Unabhängig davon, ob universitäre Ausbildung oder Schulpraxis (Referendariat und Berufsausübung), ist das Modell der Didaktischen Rekonstruktion als methodischer und theoretischer Rahmen geeignet, um letztendlich zu lernen, wie konstruktivistische Lernangebote zu gestalten sind. Das beinhaltet die Entwicklung von Strategien, die ein aktives, situiertes, selbstgesteuertes Lernen ermöglichen. Besonderes Augenmerk kann auf die Erstellung von kognitiv aktivierenden Aufgabenstellungen gelegt werden, da sich diesbezüglich in der vorliegenden Studie Defizite gezeigt haben. Das Modell der Didaktischen Rekonstruktion (Kap. 3) könnte so adaptiert werden, dass Lehrervorstellungen über Schülervorstellungen im Geographieunterricht zunächst thematisiert werden, um die Lehrkräfte für ihre eigenen subjektiven Theorien über Schülervorstellungen zu sensibilisieren. Diese werden der fachwissenschaftlichen Sichtweise über Schülervorstellungen und den Umgang mit ihnen gegenübergestellt und Schnittmengen herausgearbeitet.

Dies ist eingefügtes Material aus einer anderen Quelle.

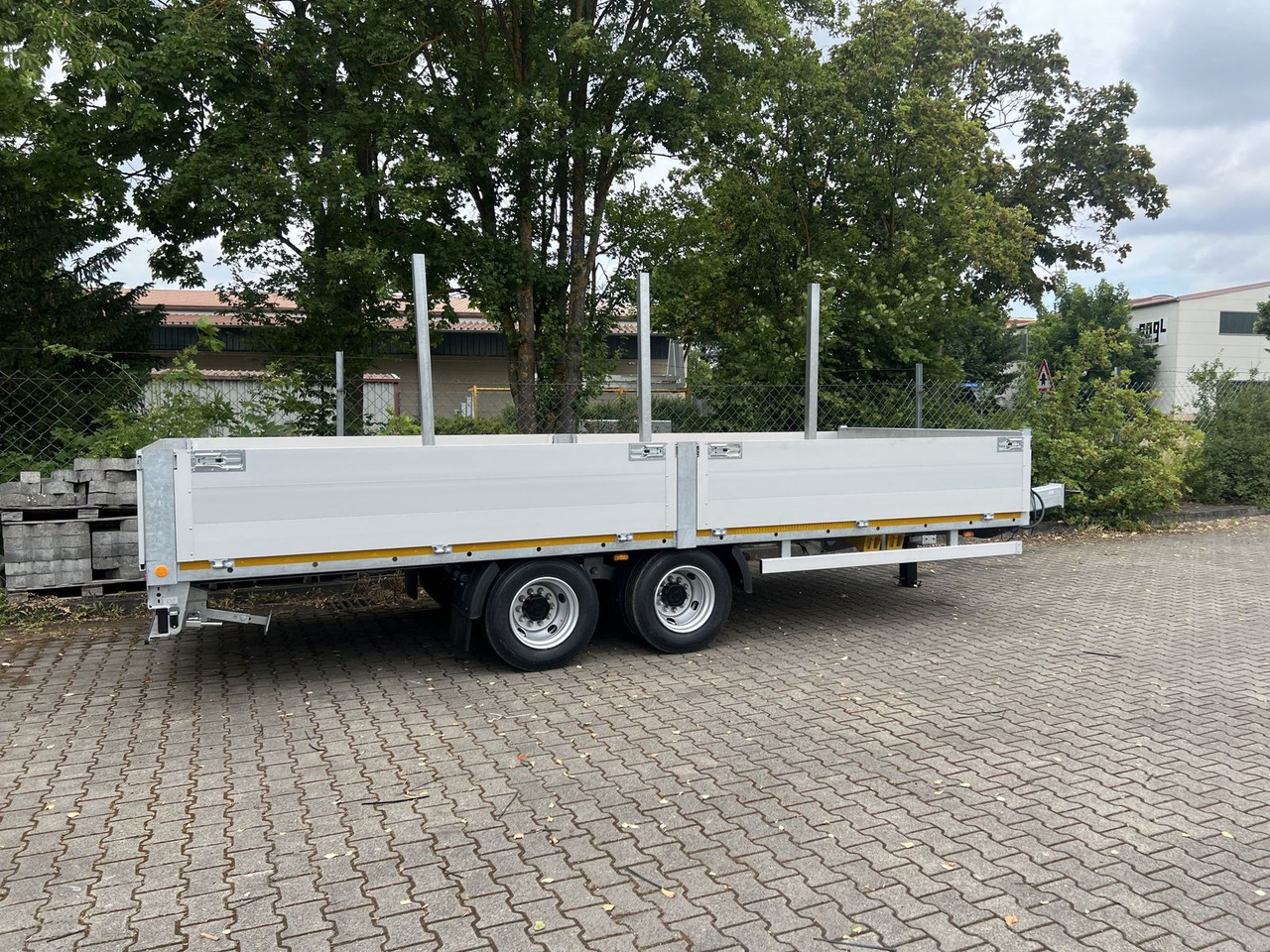 Möslein 14,4 t Tandem- Pritschenanhänger- Tieflader - Reboque baixa: foto 5 Möslein 14,4 t Tandem- Pritschenanhänger- Tieflader - Reboque baixa: foto 5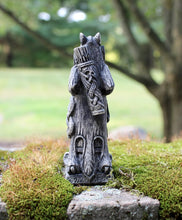 將圖片載入圖庫檢視器 进口 Dryad Design Skadi Figurine-北欧冬季女神-石材饰面
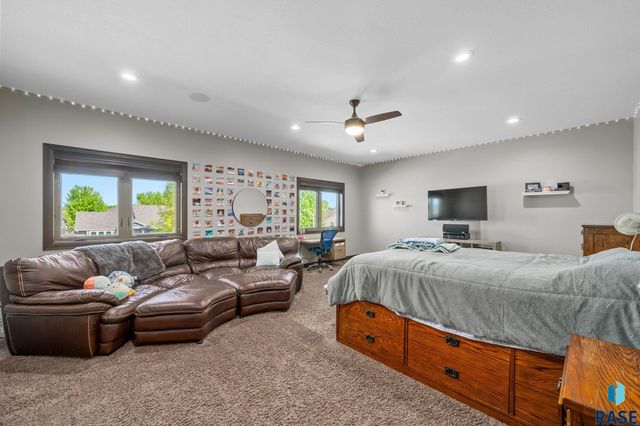 1301 Hyannis Port Ln Lane, Sioux Falls, SD 57106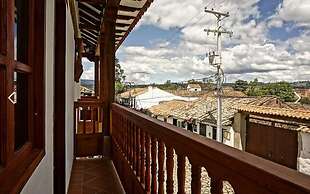 Hotel Campanario Real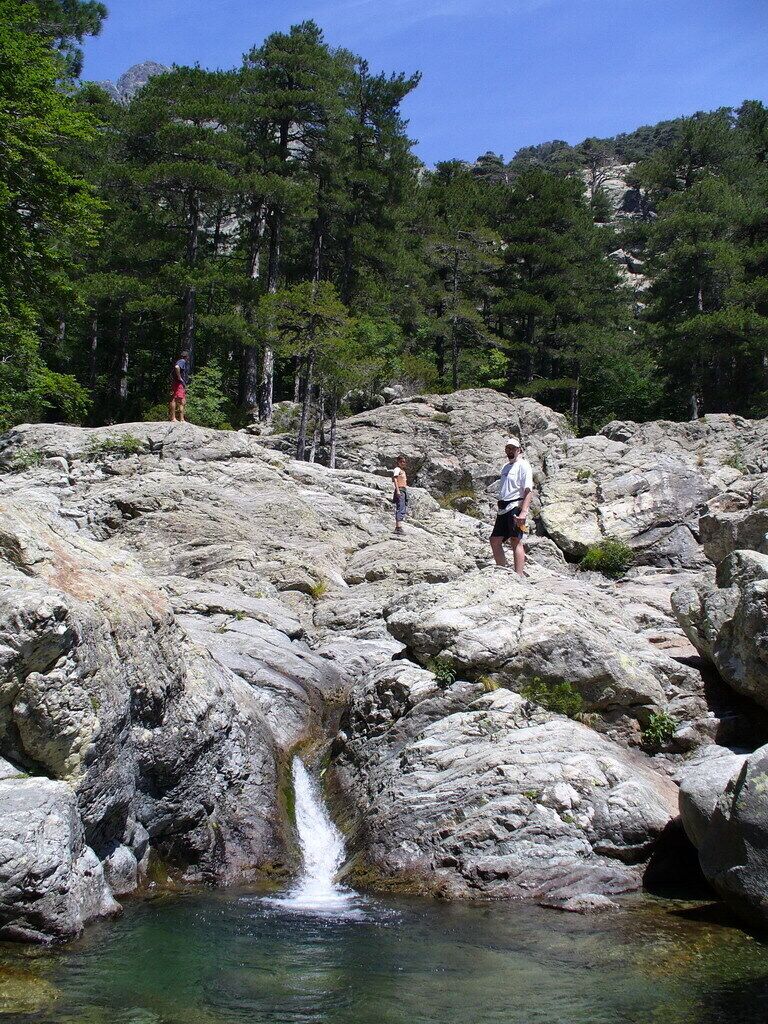Corsica - Cascade des Anglais - Andrea & Huba above the cascade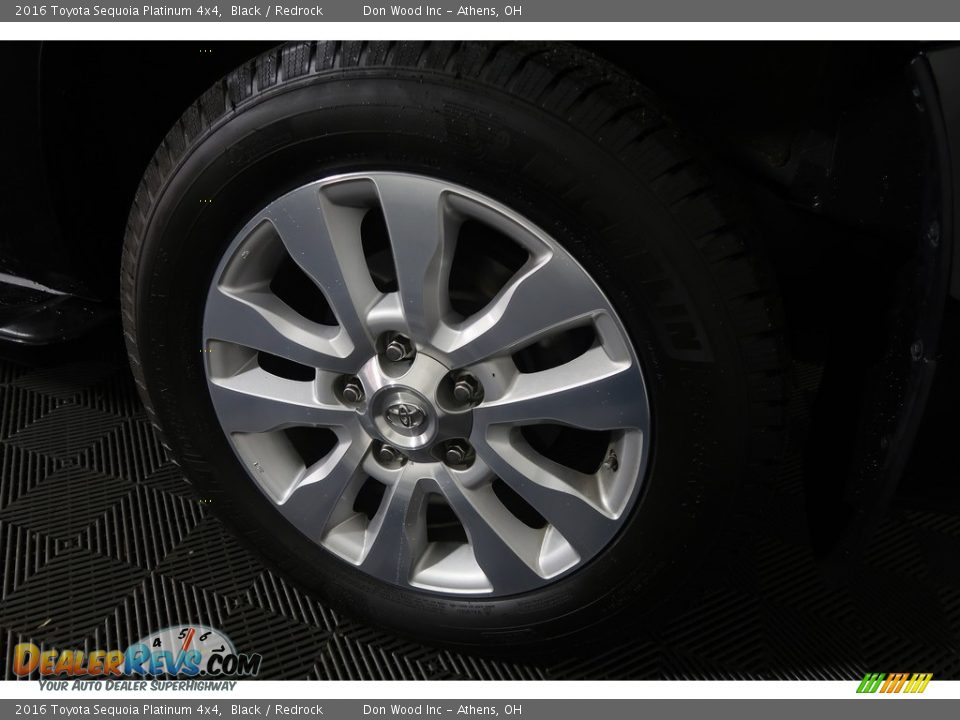 2016 Toyota Sequoia Platinum 4x4 Black / Redrock Photo #32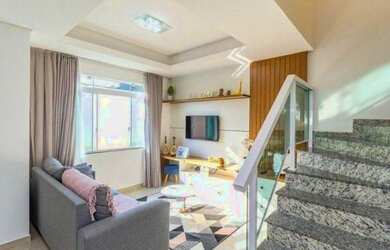 Imagem: A casa possui 3 Dormitórios, 4 Banheiros, 2 Vagas na garagem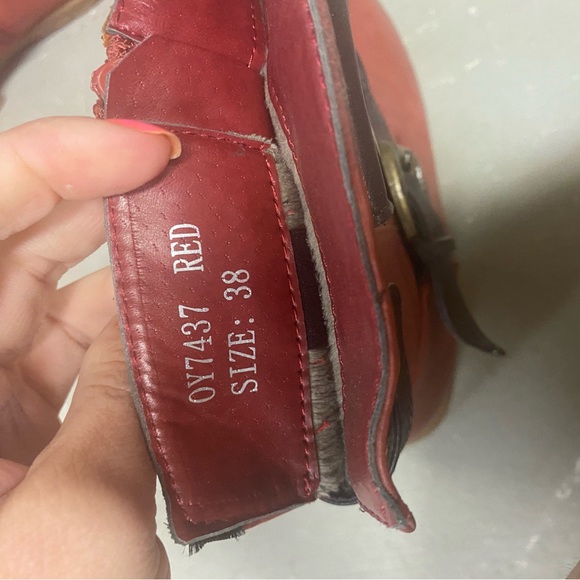 Never Worn - Picture 2 of 2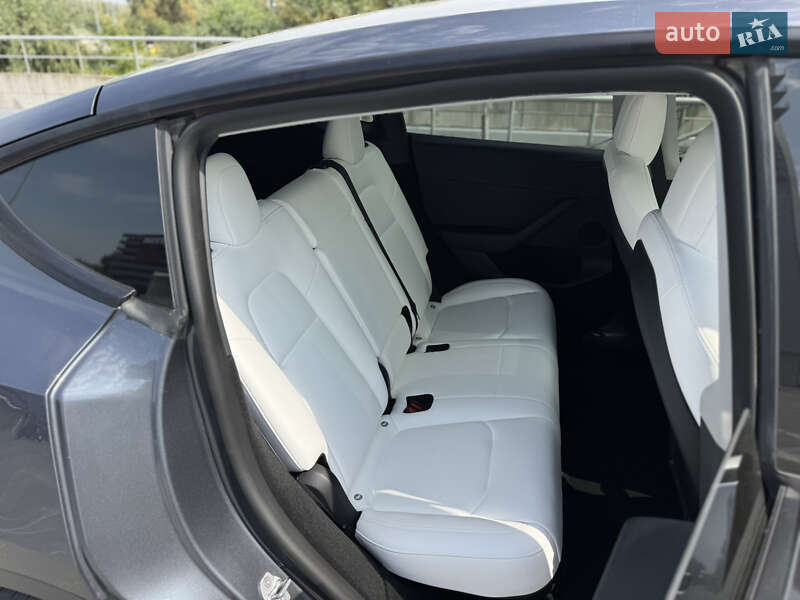 Позашляховик / Кросовер Tesla Model Y 2022 в Києві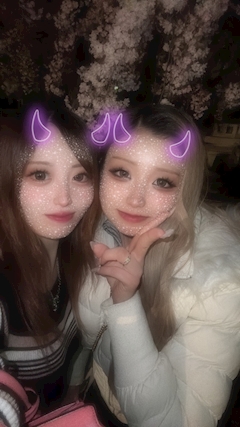 水嶋　空乃「セイラさんと夜桜見てきた～🌸」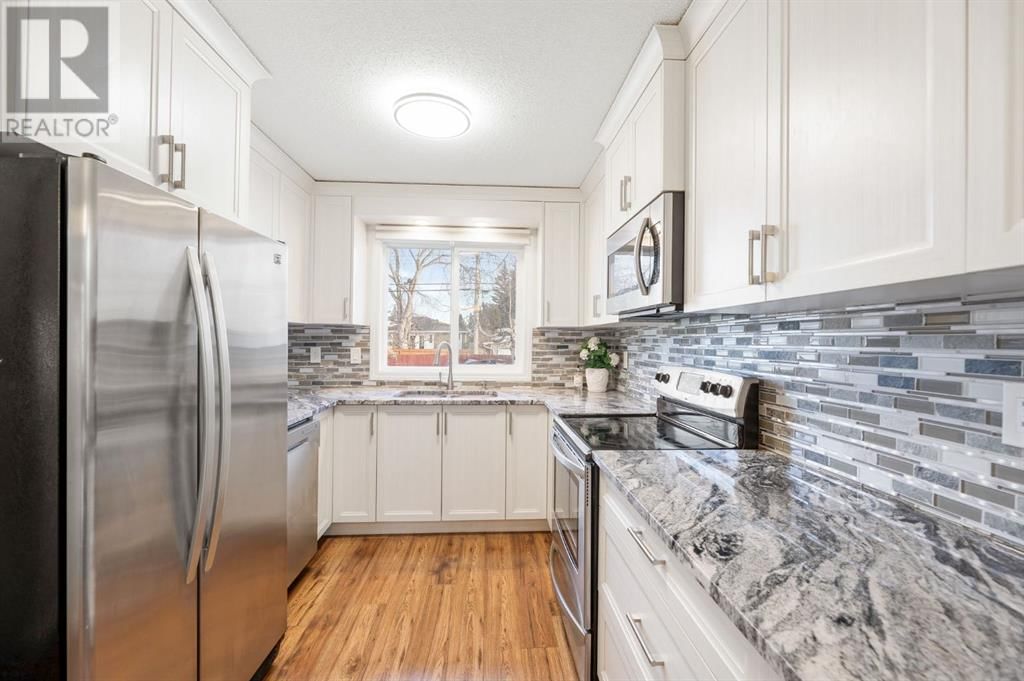 5112 48 STREET NORTHWEST Image 8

Dabei stehen sich beide als gleichwertig gegenüber. In der didaktischen Strukturierung erfolgt nun nicht die Konstruktion von Lernumgebungen, die Schülervorstellungen und fachwissenschaftliche Sichtweisen auf Unterrichtsthemen bestmöglich didaktisch strukturiert, sondern es wird herausgearbeitet, wie beide Perspektiven optimal miteinander verknüpft werden können. Die Ressourcen beider Seiten

werden für die Rekonstruktion und Dekonstruktion der bisherigen inhärenten mentalen Skripts der Lehrkräfte genutzt, damit die nach außen sichtbaren, kognitivistisch ausgerichteten Unterrichtsskripts auf der Basis der konstruktivistischen Lerntheorie umstrukturiert werden können. Idealerweise wird die aktive Auseinandersetzung mit Lehrervorstellungen in allen Abschnitten des beruflichen Werdegangs einer Lehrkraft kumulativ aufeinander abgestimmt und mit Inhalten zur Thematik der Schülervorstellungen verknüpft. Theoretisches Basiswissen zum Thema wird in der universitären Ausbildung konstruiert und gleichzeitig Augenmerk auf eine erste Reflexion der eigenen subjektiven Theorien zum Umgang mit Schülervorstellungen gerichtet. Schulpraktika können genutzt werden, um Erfahrungen mit den individuellen Lehrer-(Studierenden-)vorstellungen in schulpraktischem Kontext zu sammeln und zusätzlich durch Hospitationen Auswirkungen der subjektiven Theorien zum Thema bei erfahreneren Berufskollegen auf die Unterrichtsgestaltung zu beobachten und gemeinsam zu rekonstruieren.

Bestenfalls profitieren beide Seiten von dieser Vorgehensweise. Eine ähnliche Strategie ist für das Referendariat vorstellbar, in dem die theoretischen Grundlagen erneut aufgegriffen werden und nun mit umfangreichen praktischen Erfahrungen zusammengeführt werden. Ziel könnte sein, einen möglichen Conceptual Change hinsichtlich des eigenen Umgangs mit Schüler-vorstellungen bewusst zu beobachten und rekursiv zu reflektieren, sodass sich am Ende des Ausbildungsabschnitts 2 die intrapersonalen subjektiven Vorstellungen über den Umgang mit Schülervorstellungen derart verändert haben, dass ein konstruktivistischer Umgang mit ihnen bei Eintritt ins Berufsleben eine Selbstverständlichkeit ist. Voraussetzung hierfür ist natürlich, dass sich sowohl der Referendar als auch die Seminarlehrkraft auf theoretischer Ebene auf Augenhöhe begegnen und auf sie als Diskursbasis aufbauen können.